2. Those costs of the suit plus interest at court rates are paid to the Plaintiff.”
Immediately the judgment was pronounced, the Defendant applied for a temporary stay of execution pending the filing of a formal application for stay and an appeal to the Court of Appeal. The Defendant has now filed a notice of appeal and a formal Notice of Motion seeking for stay of execution pending the hearing and the determination of the appeal.
2. When the judgment was delivered, the Defendant was given 21 days within which to file a formal application for stay of execution. Counsel for the Defendant argued that the computation of the 21 days begun to run on 7th January 2010 due to public holidays and as provided for under Order 49 Rule 3A of the Civil Procedure Rules therefore this application was filed within time. On the merit of the application, judgment involves a colossal sum of money and taking into account the principles of law governing the elements to bring to bear, the Applicant should be granted the order of stay. For example the Court of Appeal decision in Civil Application No. 4 of 2002 Banque Indosuez vs D. J. Lowe & Company. The applicant was granted an order of stay so that the Appeal was not rendered nugatory.

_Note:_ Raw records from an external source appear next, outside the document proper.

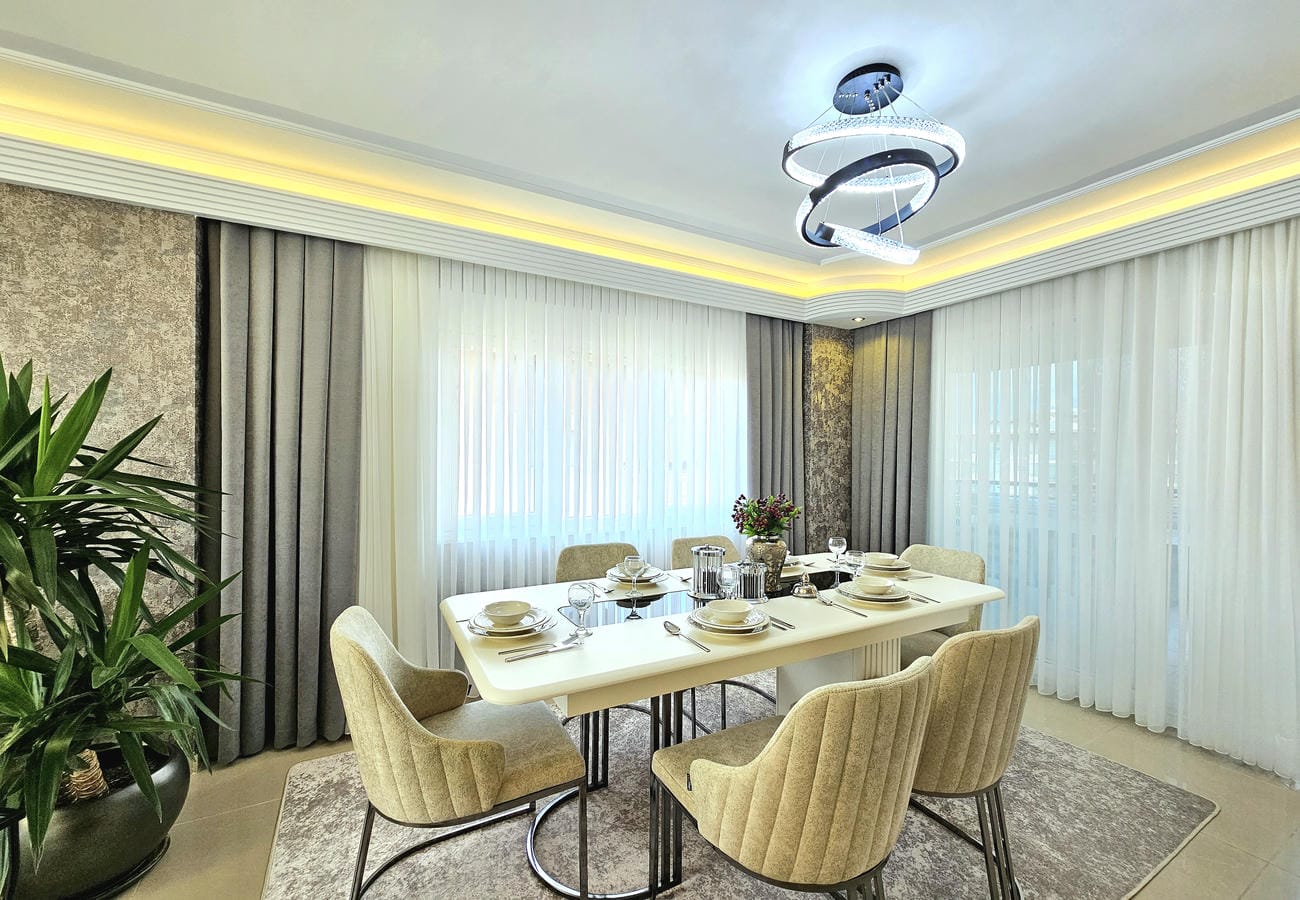 Altı sandalyeli yemek odası Oba’daki penthouse dairesinde panoramik köşe pencerelerle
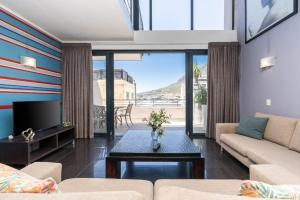 a living room with a couch and a tv at Skyline Living, Table Mountain Views in Cape Town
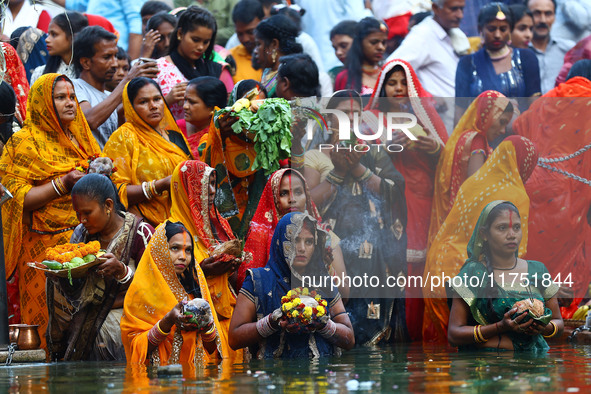 Hindu devotees perform rituals of the 'Chhath Puja' festival at the Shrine Galta Ji temple Kund in Jaipur, Rajasthan, India, on November 7,...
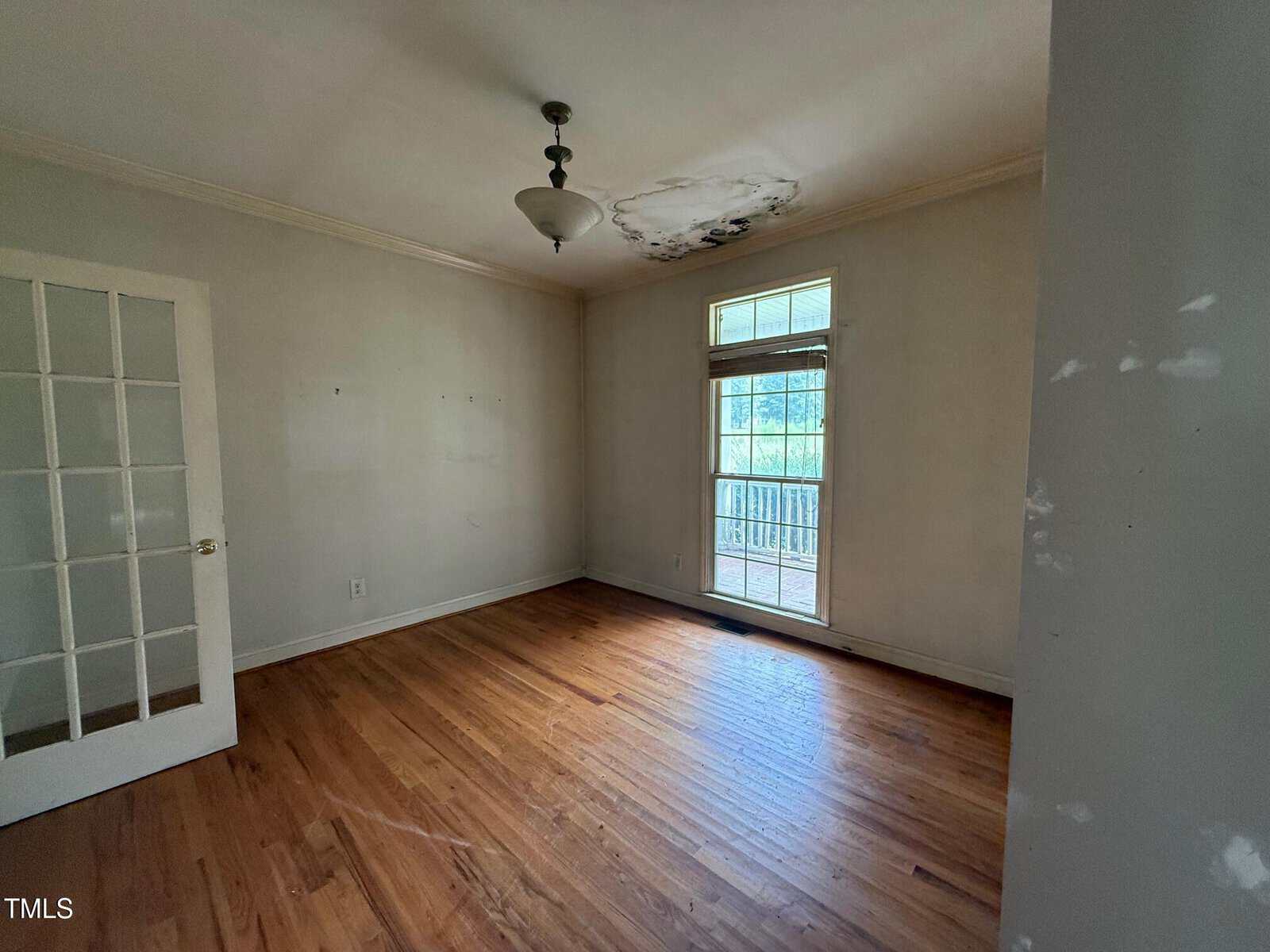 Empty room with hardwood floor, white walls, a ceiling light, and a glass-paned door. There is water damage on the ceiling above a window with a door leading outside. Light enters from the window.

3. In Civil Application No. Nai.258 of 2009, E. Muriu Kamau Njoroge Nani Mungai t/a Muriu Njoroge & Company Advocates vs. National Bank of Kenya Ltd their Lordships expressed themselves in the following words;
“The Courts including this Court in interpreting the Civil procedure Act, or the Appellate Jurisdiction Act, or exercising any power must take into consideration the overriding objective as defined in the two Acts. Some of the principle aims of the overriding objective include the need to act justly in every situation; and the need to have regard to the principle of proportionality and the need to create a level playing ground for all the parties coming before the Courts by ensuring that the principle of equality of arms is maintained and that as far as it is practicable to place the parties on equal footing.”
4. Counsel for the Defendant further submitted that the approach being taken by the Court of Appeal is in furtherance of the overriding objective provided for under Section 1A of the Civil Procedure Rules which takes into account the overarching objective in the administration of justice is to provide proportionality or a fair playing ground for both parties who should not be prejudiced by the pending appeal. The decision of the High Court is subject to the Court of Appeal decision and in balancing the interests of the parties; none should be put at an advantage. On the issue of security, counsel submitted that the judgment-debtor can provide a corporate guarantee because requiring them to provide security by cash, guarantee or bonds can lead to unnecessary expense. The Judgment-debtor is a sound Company which is listed at the Nairobi Stock Exchange; it is a public company which is even allowed to borrow from the public through the commercial paper.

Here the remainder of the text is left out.